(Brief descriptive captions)
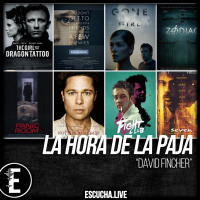 La Hora de la Paja 60: David Fincher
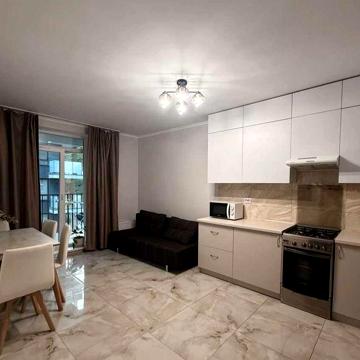 Оренда 1к кв кухня-студія та спальня вул Малоголосківська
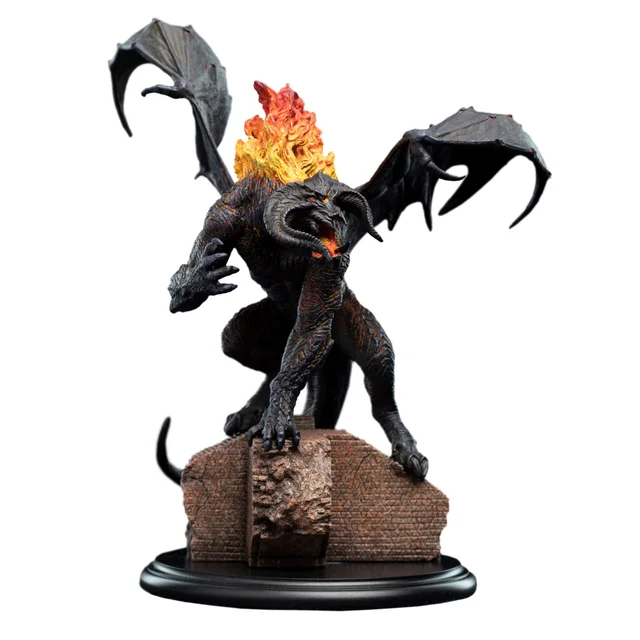 Weta Workshop Lord of the Rings Mini Statue The Balrog in Moria 19cm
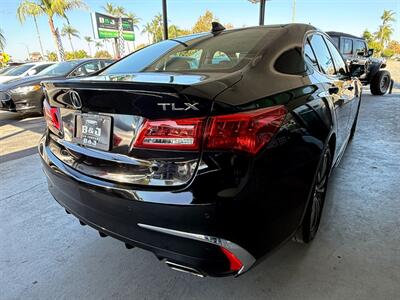 2018 Acura TLX V6 w/Advance   - Photo 11 - Orange, CA 92868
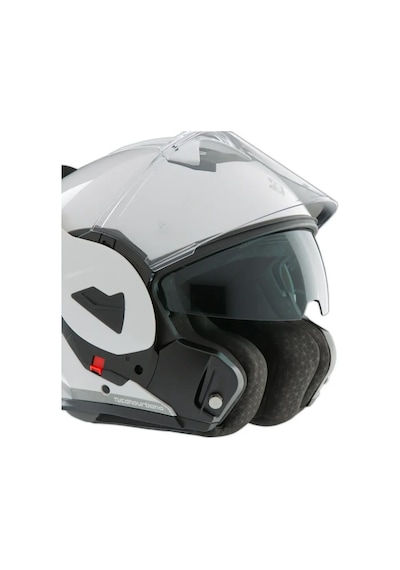 Tucano Urbano Fastflıp Kask İnci Beyazı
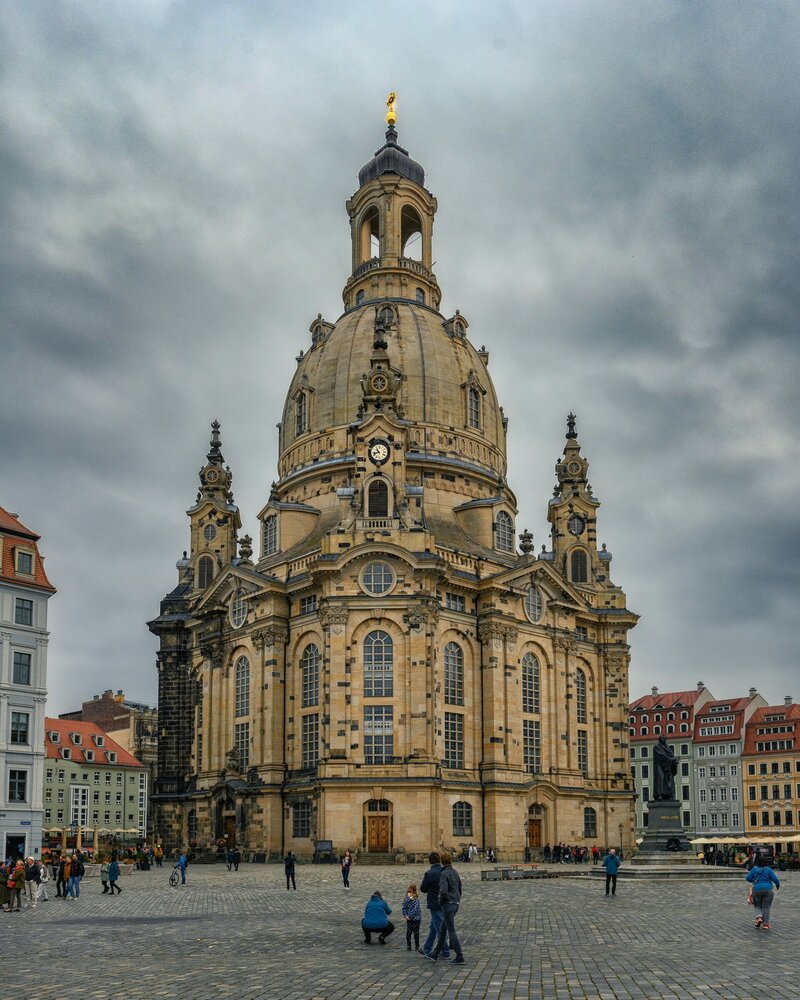 Dresden Frauenkirche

**Task instructions:** Exact repetition of all the records is required, with the pictures excluded.

**Solution:**
 La Hora de la Paja 60: David Fincher
 Оренда 1к кв кухня-студія та спальня вул Малоголосківська
 Weta Workshop Lord of the Rings Mini Statue The Balrog in Moria 19cm
 2018 Acura TLX V6 w/Advance   - Photo 11 - Orange, CA 92868
 Tucano Urbano Fastflıp Kask İnci Beyazı
 Dresden Frauenkirche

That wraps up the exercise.